> **Given data**
⟨
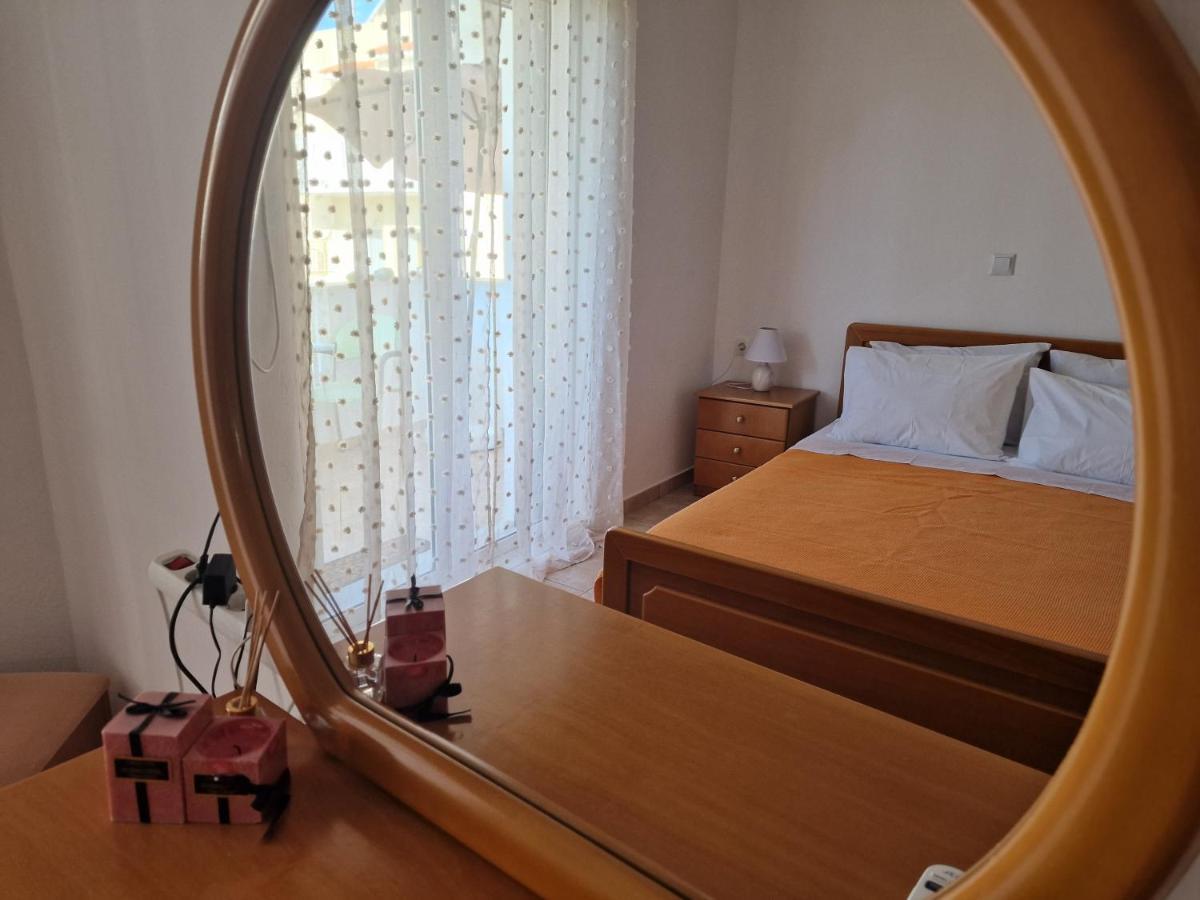 Apartment In Tigaki Beach Kos Esterno foto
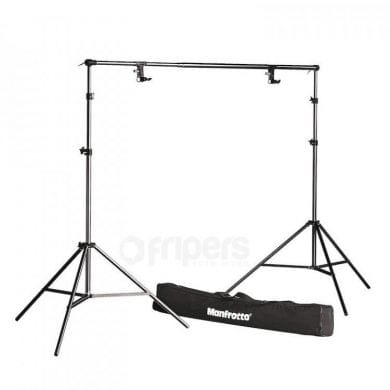 Backdrop mounting system Manfrotto 1314B Mobile Kit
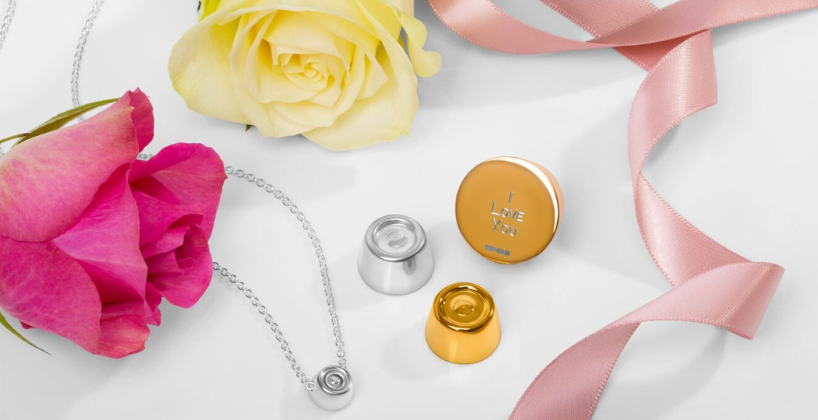 My Last Rolo – A Valentine’s Day Gift That Lasts | C W Sellors Fine ...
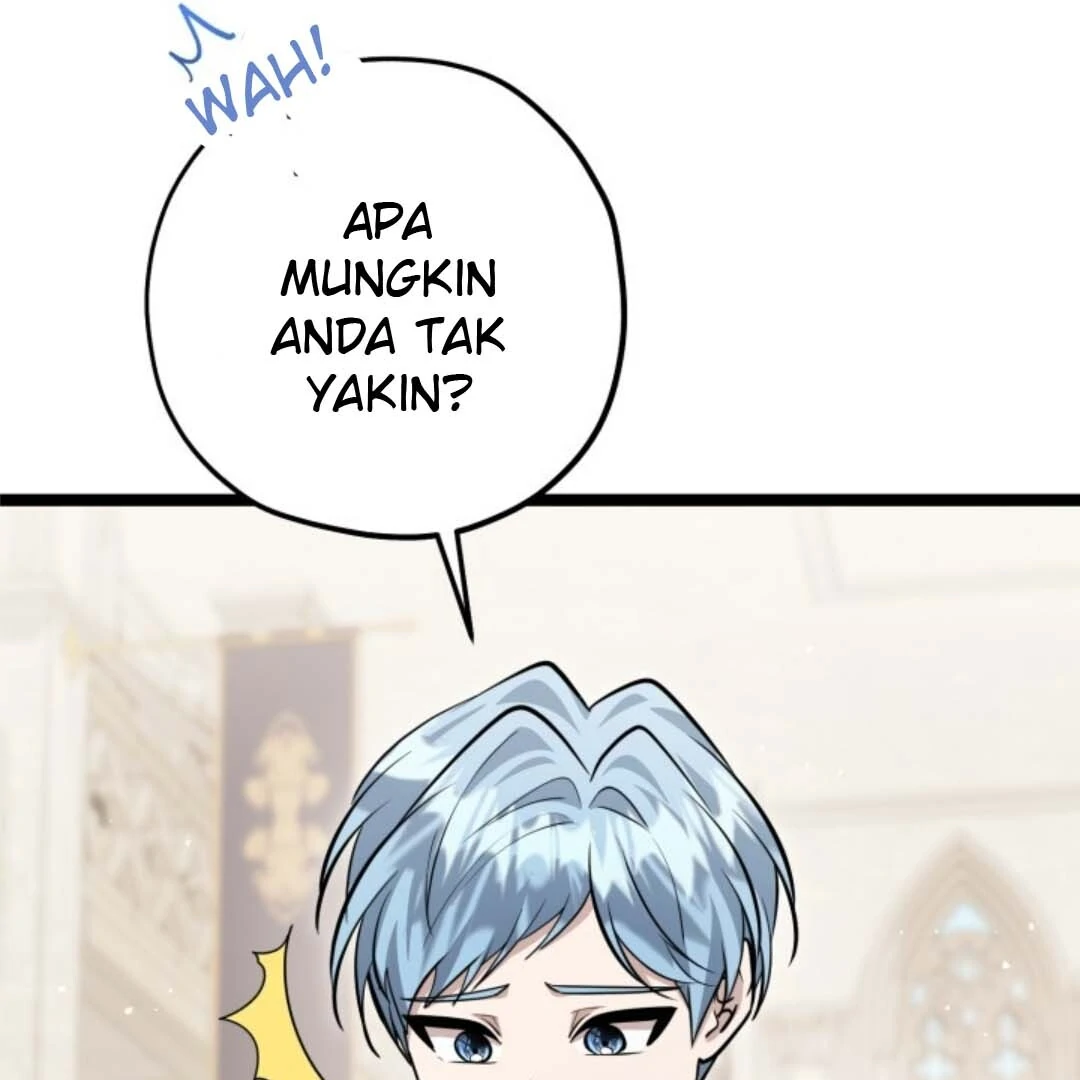 The Villain’s Daughter Plans To Run Away Chapter 48 - Halaman 18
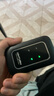 影腾随身wifi三网全国通用无线wi-fi6免插卡移动联通电信无限制大流量卡便携式网卡高速网络2026款5GHF 【三网通3000毫安充电款+黑色】*超长续航 实拍图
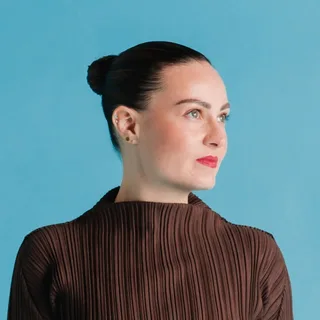 Molly Burke profile photo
⟩
Retype everything in the entries exactly except the pictures.

> **Answer section**
 Apartment In Tigaki Beach Kos Esterno foto
 Backdrop mounting system Manfrotto 1314B Mobile Kit
 My Last Rolo – A Valentine’s Day Gift That Lasts | C W Sellors Fine ...
 The Villain’s Daughter Plans To Run Away Chapter 48 - Halaman 18
 影腾随身wifi三网全国通用无线wi-fi6免插卡移动联通电信无限制大流量卡便携式网卡高速网络2026款5GHF 【三网通3000毫安充电款+黑色】*超长续航 实拍图
 Molly Burke profile photo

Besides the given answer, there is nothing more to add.